To be fair, Ford had a habit of developing world-changing technology on experimental cars, never bringing any of it to market, and then stealing the well-publicized name and slapping it on some cookie-cutter car.
They started that 45 years ago with the Mustang, which was supposed to be a two-seater with a transverse midships engine like the Fiat X 1/9 or Pontiac Fiero. By the time a car named Mustang came out, it was just a Falcon with the trunk shortened.
Another example was the series of aerodynamic experiments called “Probe”. By the time they got to the Probe V, it (rather unexpectedly to the designers) had a drag coefficient of .18! But you remember the disaster they eventually threw away the name on.
The Contour experimental car had, among other things I can’t remember, a new engine design with the flywheel in the middle with helical gears, so you could have an inline 4, 6, or 8 mounted transversely in front, but still have the transmission longitudinal.

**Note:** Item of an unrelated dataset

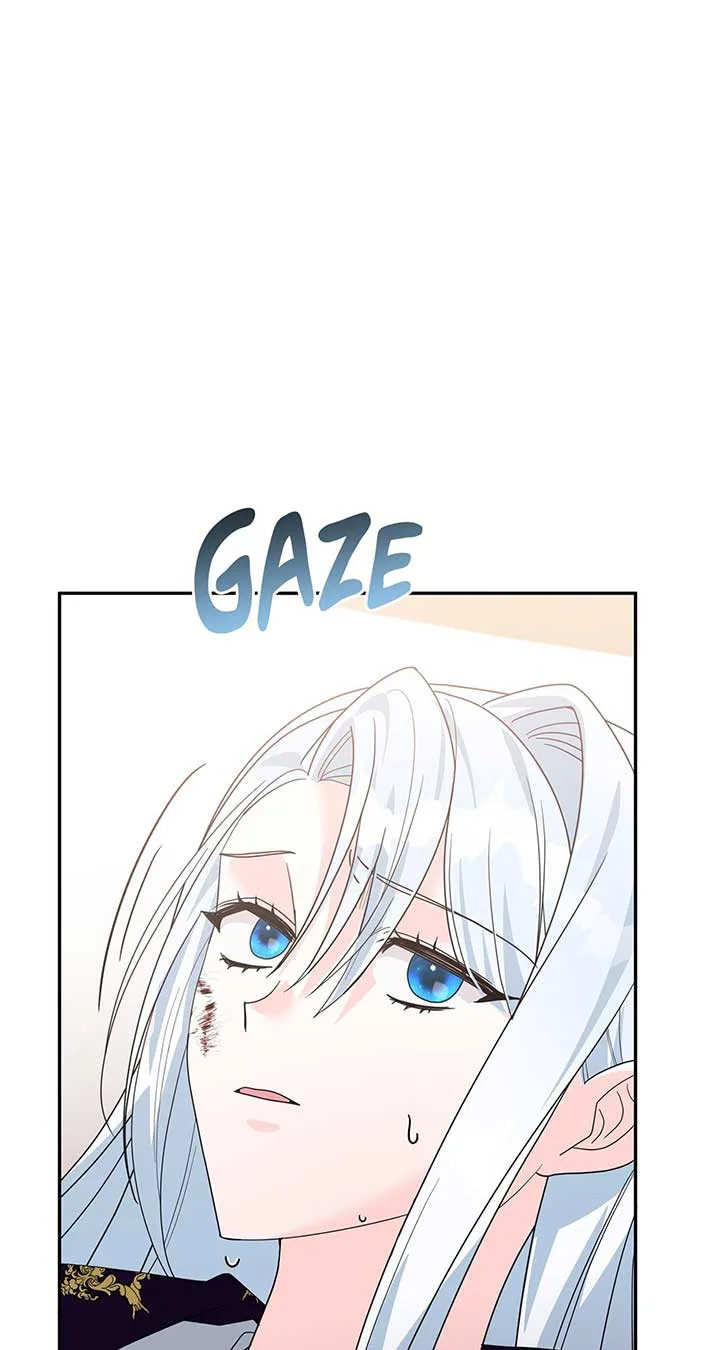 No, I Only Charmed the Princess! Chapter 21 page 81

Its “paint” was a very tough plastic coating molded to the exact shape of the car in a similarly-shaped die and glued on in one operation.

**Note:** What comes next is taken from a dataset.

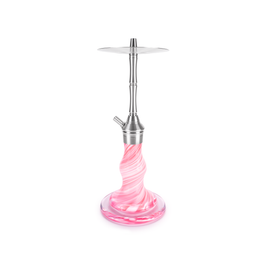 AEON Shisha Lounge Mini Neo - Candy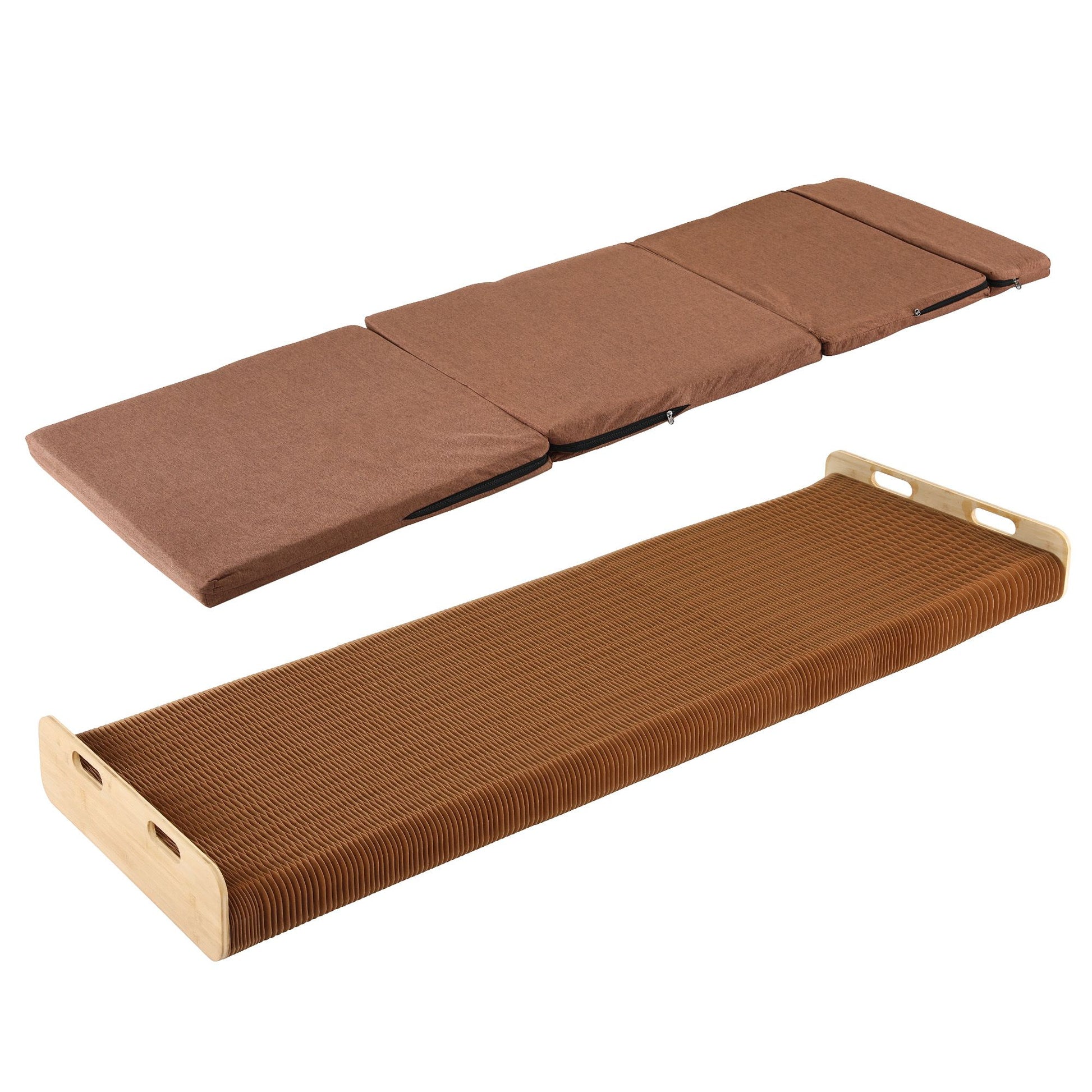 PAPER-BED-6016-BR-AB-02.jpg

They may very well have spent $6 billion on the Contour project, but none of that saw the light of day. I guarantee very little of it went to bring over the European Ford Sierra and stick a badge on it saying “Contour.” (A friend of mine had one where they couldn’t even decide if it was a Ford Contour or Mercury Mystique: it had the Mercury logo on the rear quarter windows.)
That’s really interesting about the history of the Contour. But in doG’s name, why?
GM had a habit of dabbling in innovation too, then retreating. First front-wheel-drive US car? GM. Also there was the Corvette, the Corvair, the aforementioned Fiero, and the Saturn EV-1 (or the whole Saturn company for that matter). But like Ford and Chrysler they clung to doin’ it wrong with the tenacity of a drowning man. And the hydrogen car project had US Dept. of Energy and Shell Hydrogen funding help.
Any one of the big three could have owned the market by now, if they weren’t so chicken-hearted.
The Chevy Volt is a real tragedy–GM had the chance to leapfrog everybody with a true hybrid. Now it’s probably never going to happen.
I’ll bet people would be flabbergasted at how seldom their engine actually started. Mine would probably burn a few gallons of gas 3, maybe 4 times a year. What a waste!
As I understand it a lot of those Billions that went into ‘development’ were caught up in a corporate loops of design proposals presenting versions of how it might look, marketing experts to determine how the customers should feel about it, study and focus groups to determine how the public does feel about it, and artistic and image advisers to make sure it all fits into how the corporation thinks about itself. All with interlocking and dependent layers of middle management and consultants added at each intersection.
Most of the effort went into how it will look. Grill design and the colors ate up a lot of it. Another major portion went into important issues like cup holder placement.
This process is the legacy of the auto industry in the late 40s and 50s when the industry got into redesigning the auto body every year to increase demand and make the vehicle a fashion accessory. This process is mostly about aesthetics, style and marketing. In most cases the actual mechanical works of the vehicle remained largely the same year to year.
So when a smaller company says it can do for a Billion dollars what the big three can’t manage for many times that I have few doubts that it is possible. Possible yes, but based on previous historic attempts, not highly likely.